◆ RECORD EXCERPTS:
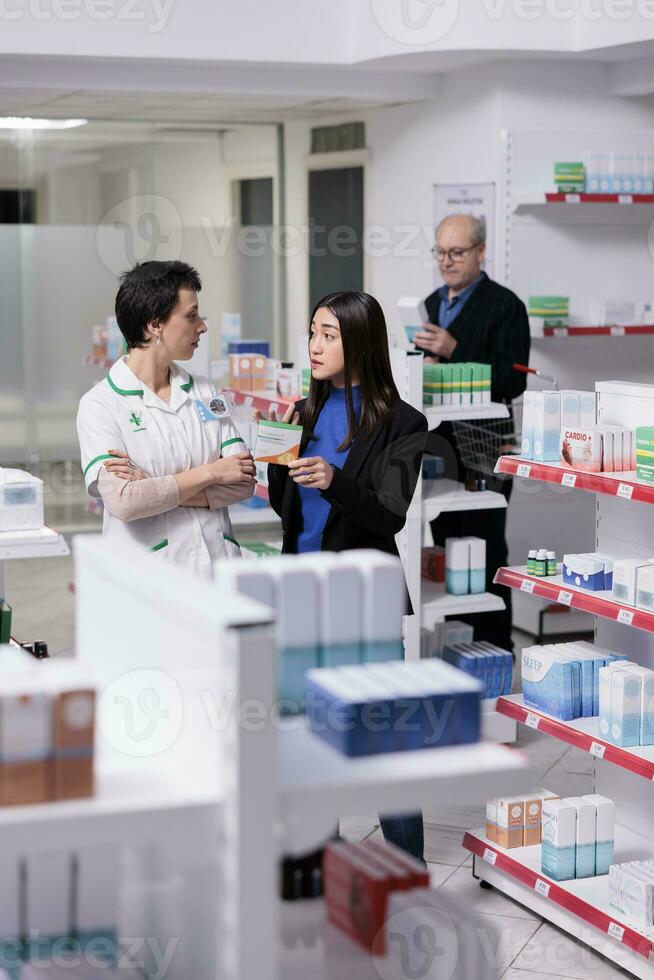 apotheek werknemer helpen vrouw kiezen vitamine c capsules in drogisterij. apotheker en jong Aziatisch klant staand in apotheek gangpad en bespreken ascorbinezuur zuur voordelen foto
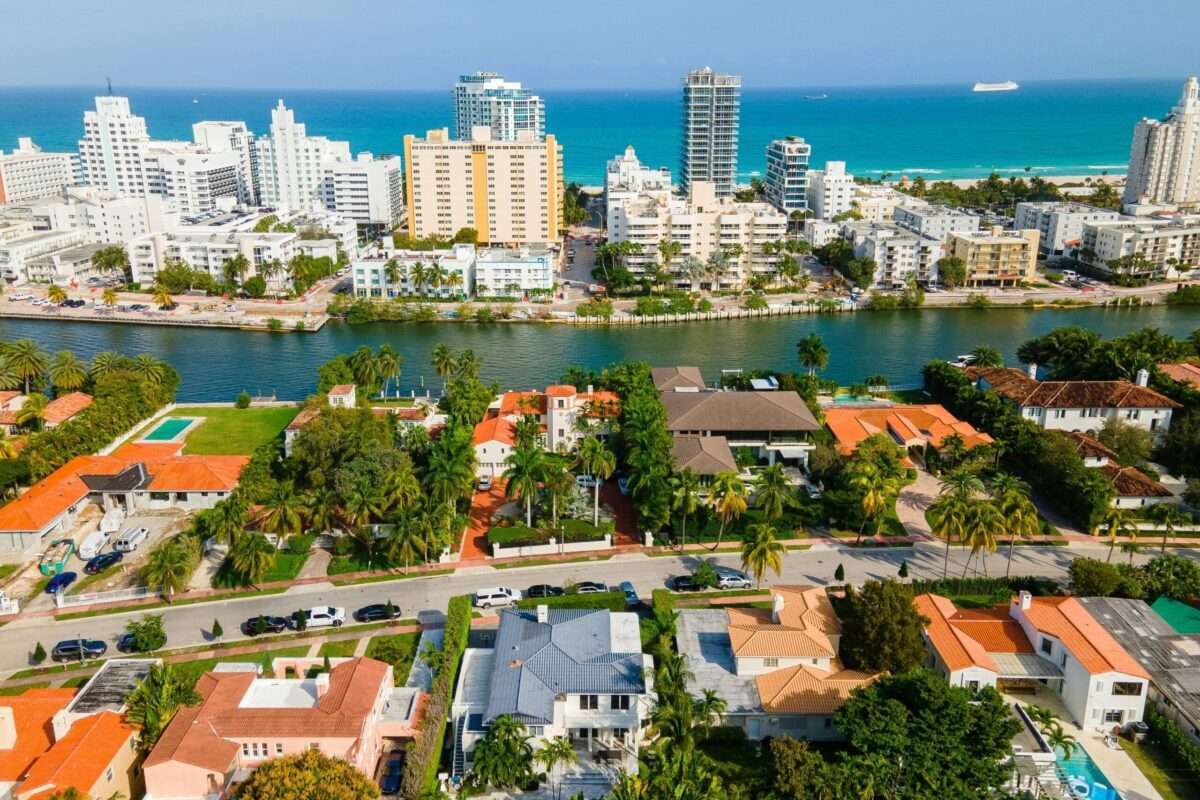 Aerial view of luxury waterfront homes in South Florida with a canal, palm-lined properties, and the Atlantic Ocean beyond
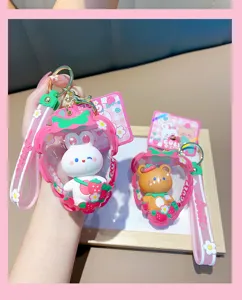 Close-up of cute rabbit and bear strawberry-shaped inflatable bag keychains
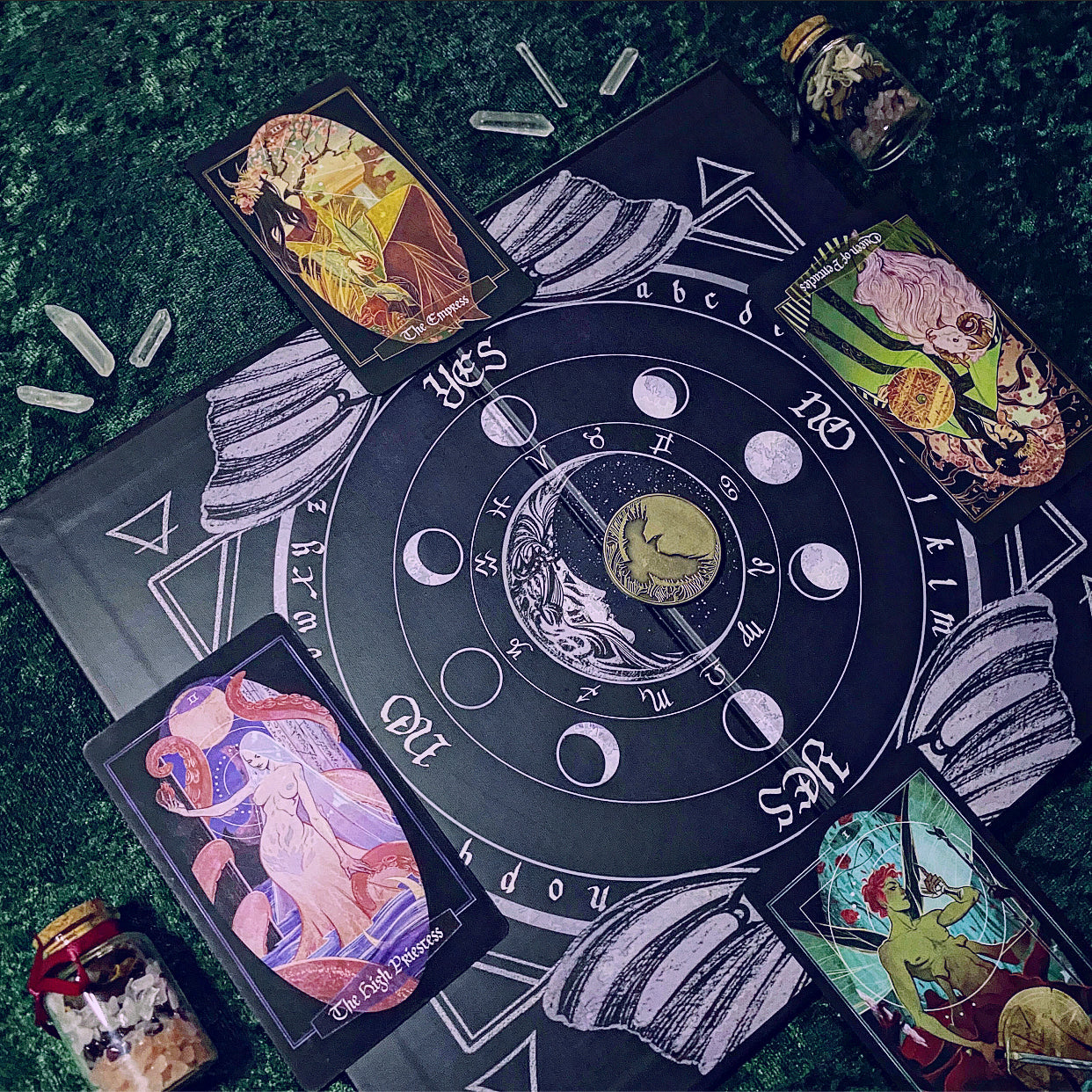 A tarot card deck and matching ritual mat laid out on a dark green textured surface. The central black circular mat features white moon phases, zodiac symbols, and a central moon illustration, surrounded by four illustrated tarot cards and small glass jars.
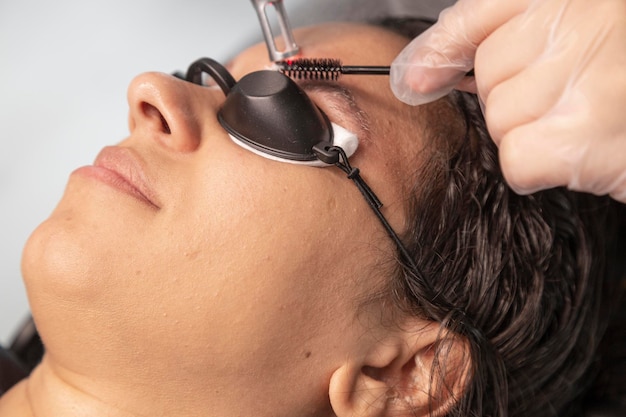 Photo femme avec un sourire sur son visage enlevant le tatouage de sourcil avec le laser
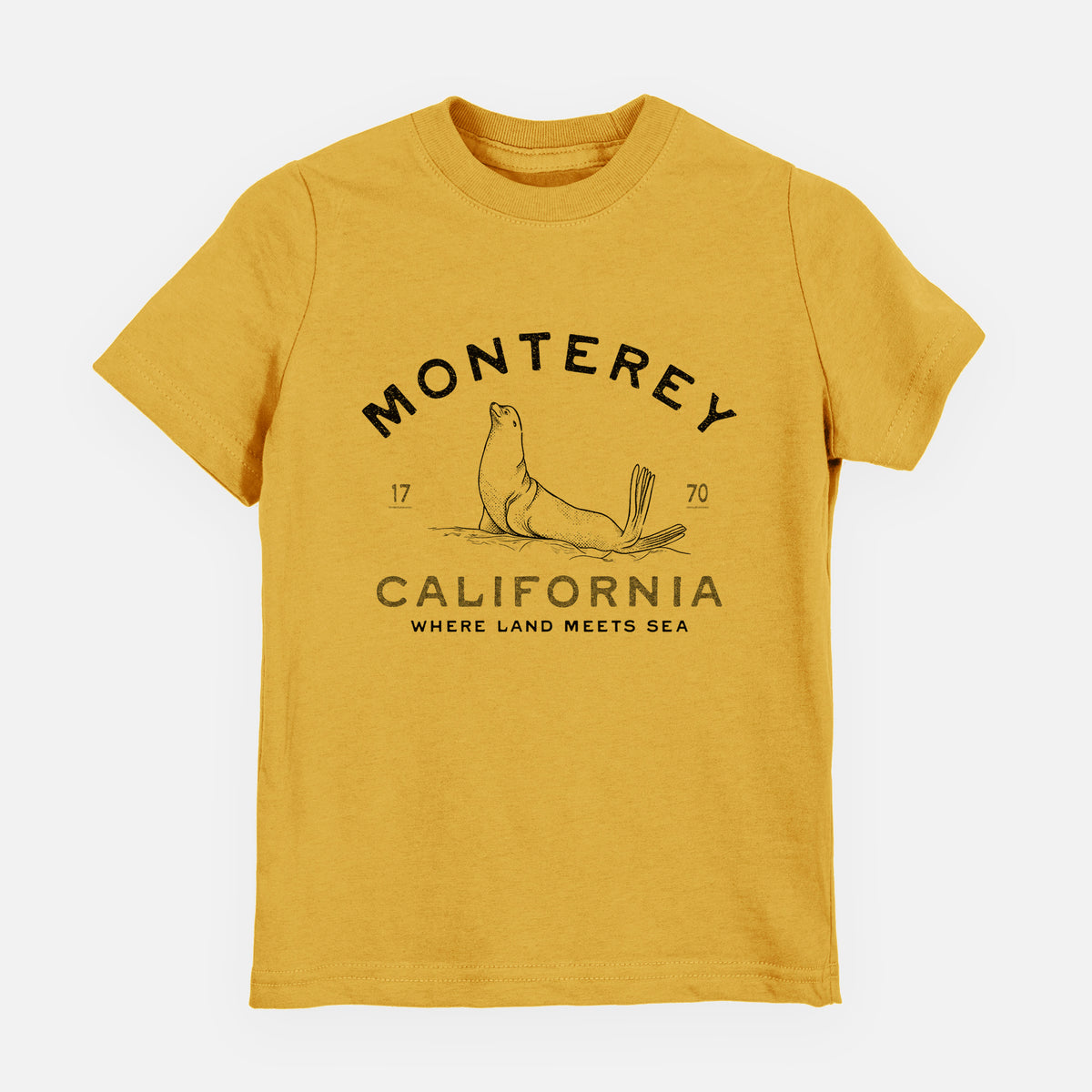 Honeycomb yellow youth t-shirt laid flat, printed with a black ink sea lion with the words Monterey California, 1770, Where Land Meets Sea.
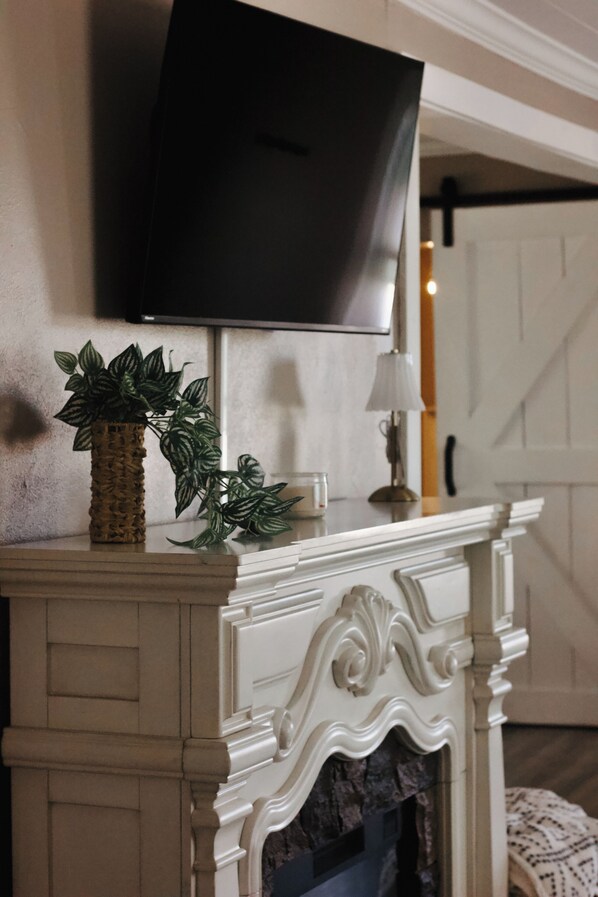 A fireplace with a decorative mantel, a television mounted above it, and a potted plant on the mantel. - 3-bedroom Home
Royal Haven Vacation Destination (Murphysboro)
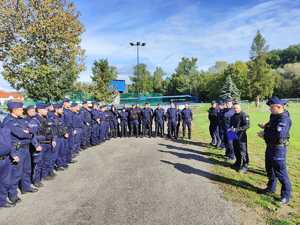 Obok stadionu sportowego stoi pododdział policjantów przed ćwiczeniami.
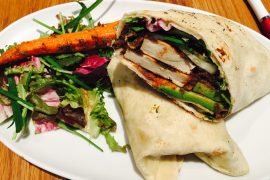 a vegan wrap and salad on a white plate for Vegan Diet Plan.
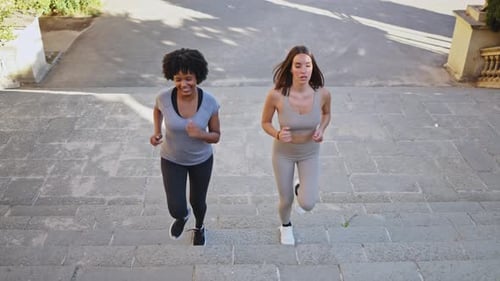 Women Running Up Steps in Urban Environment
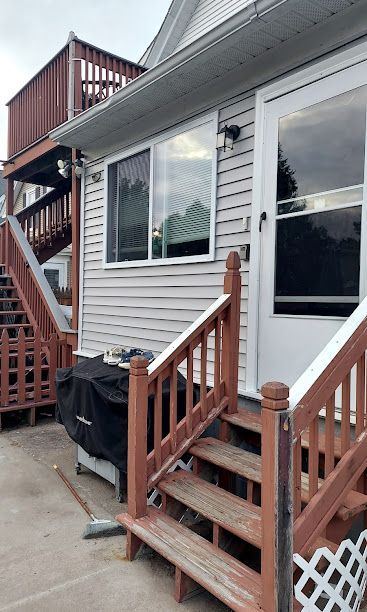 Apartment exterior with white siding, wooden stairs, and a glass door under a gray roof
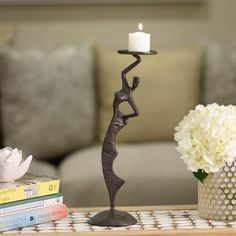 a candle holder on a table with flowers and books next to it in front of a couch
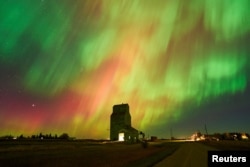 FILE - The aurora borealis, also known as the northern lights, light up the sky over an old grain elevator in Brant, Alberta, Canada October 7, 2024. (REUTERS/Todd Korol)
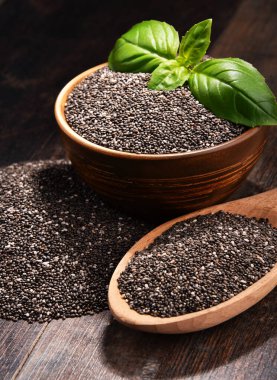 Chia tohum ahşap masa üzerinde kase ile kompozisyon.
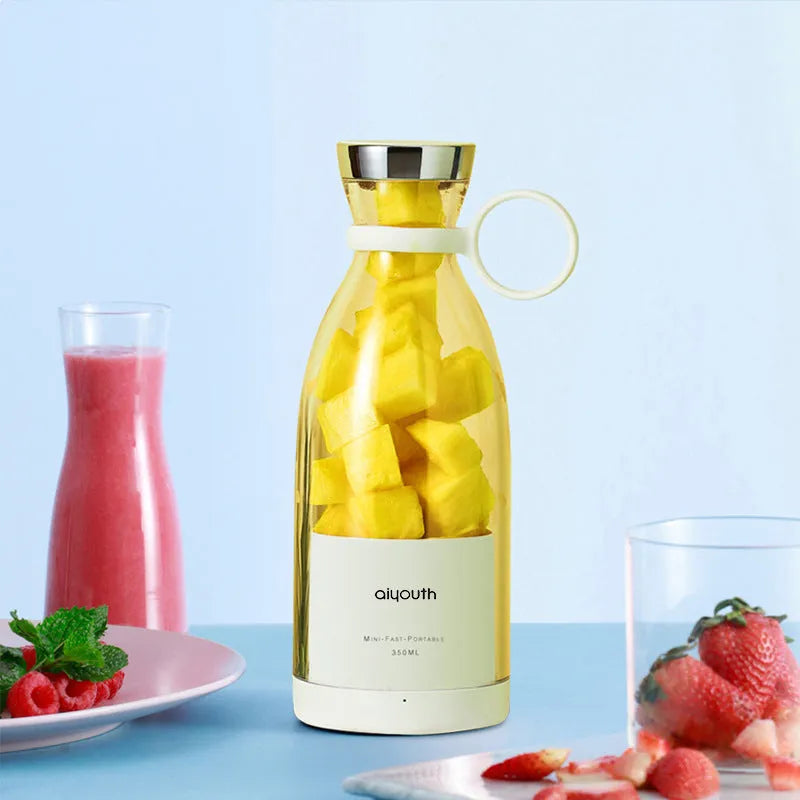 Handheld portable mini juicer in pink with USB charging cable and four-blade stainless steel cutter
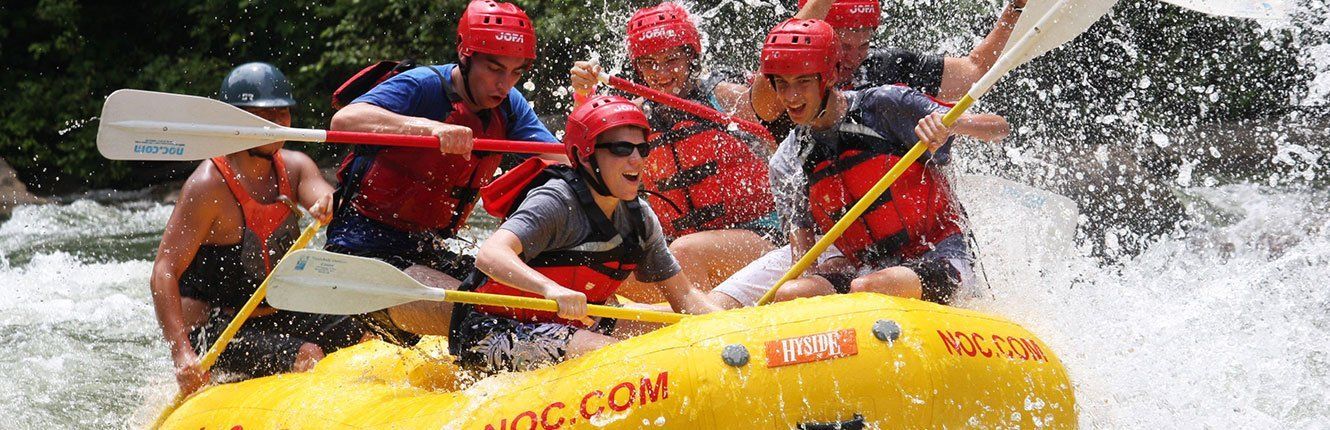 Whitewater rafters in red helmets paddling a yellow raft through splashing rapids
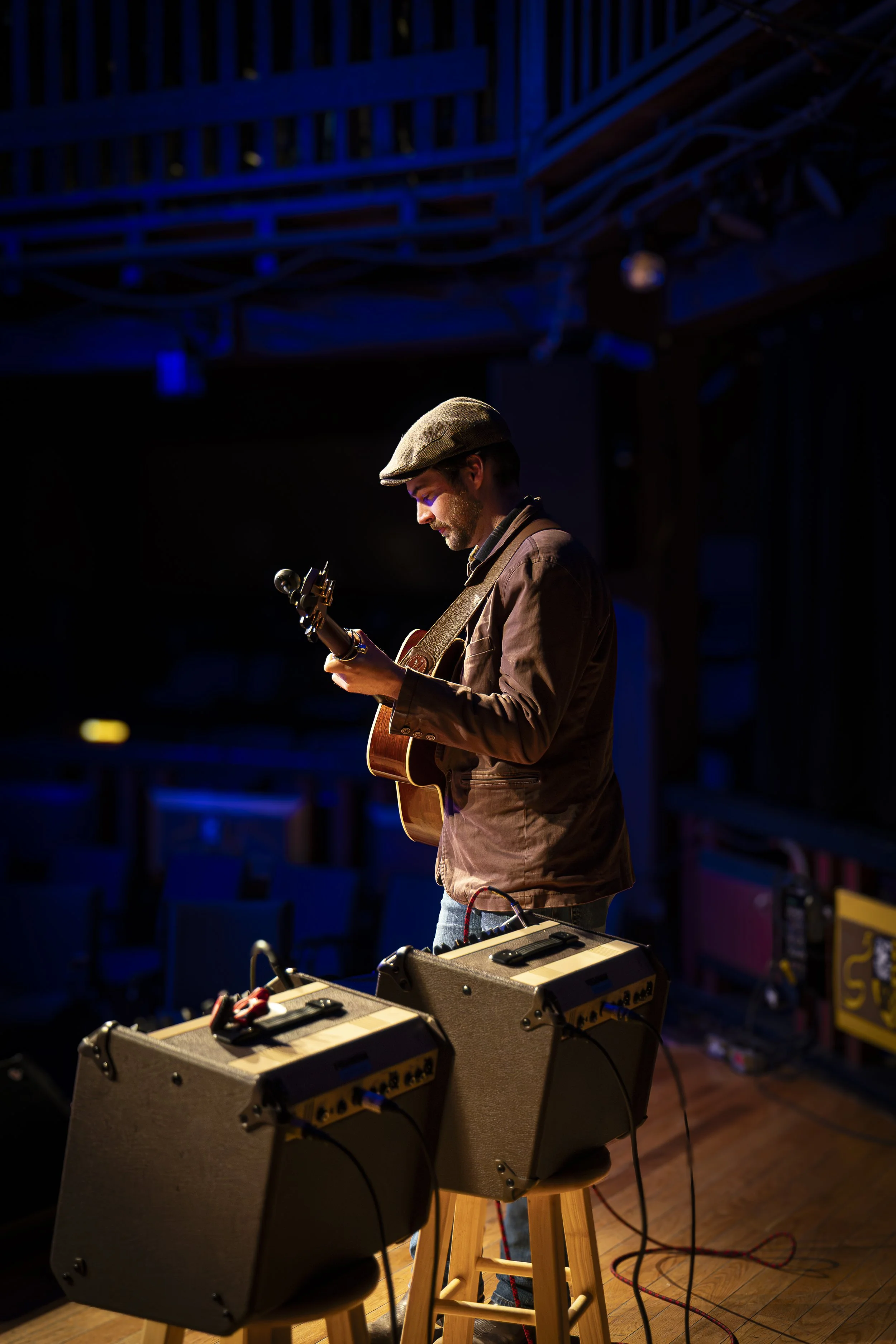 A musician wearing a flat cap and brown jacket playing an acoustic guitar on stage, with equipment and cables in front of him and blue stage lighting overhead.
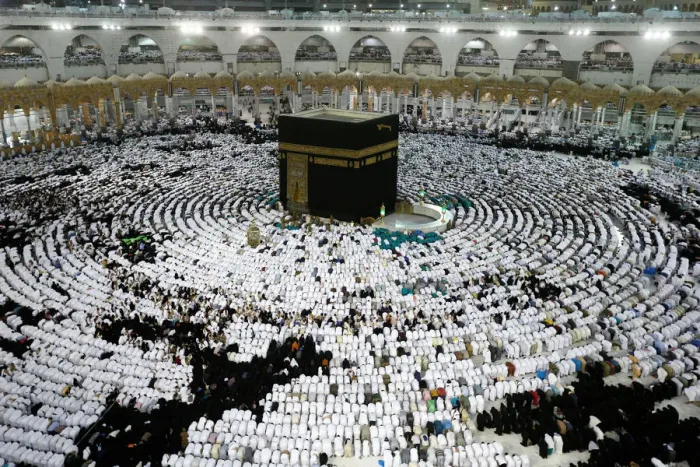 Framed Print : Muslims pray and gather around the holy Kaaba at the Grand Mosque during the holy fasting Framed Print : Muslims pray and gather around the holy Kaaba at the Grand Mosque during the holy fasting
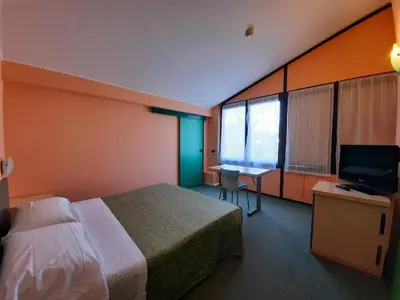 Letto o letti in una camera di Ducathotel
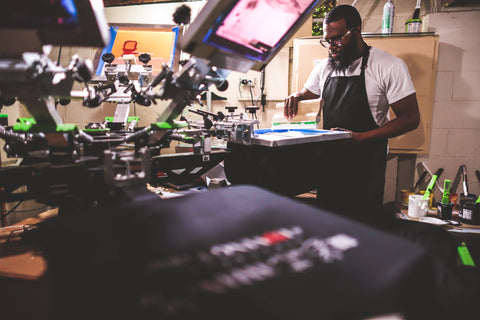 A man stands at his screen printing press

◆ WORK TO COMPLETE: Set down nothing but the lines from the one containing "A musician wearing" to the final line above, both included, with every picture left out.

◆ WRITTEN SOLUTION:
 A musician wearing a flat cap and brown jacket playing an acoustic guitar on stage, with equipment and cables in front of him and blue stage lighting overhead.
 Framed Print : Muslims pray and gather around the holy Kaaba at the Grand Mosque during the holy fasting Framed Print : Muslims pray and gather around the holy Kaaba at the Grand Mosque during the holy fasting
 Letto o letti in una camera di Ducathotel
 A man stands at his screen printing press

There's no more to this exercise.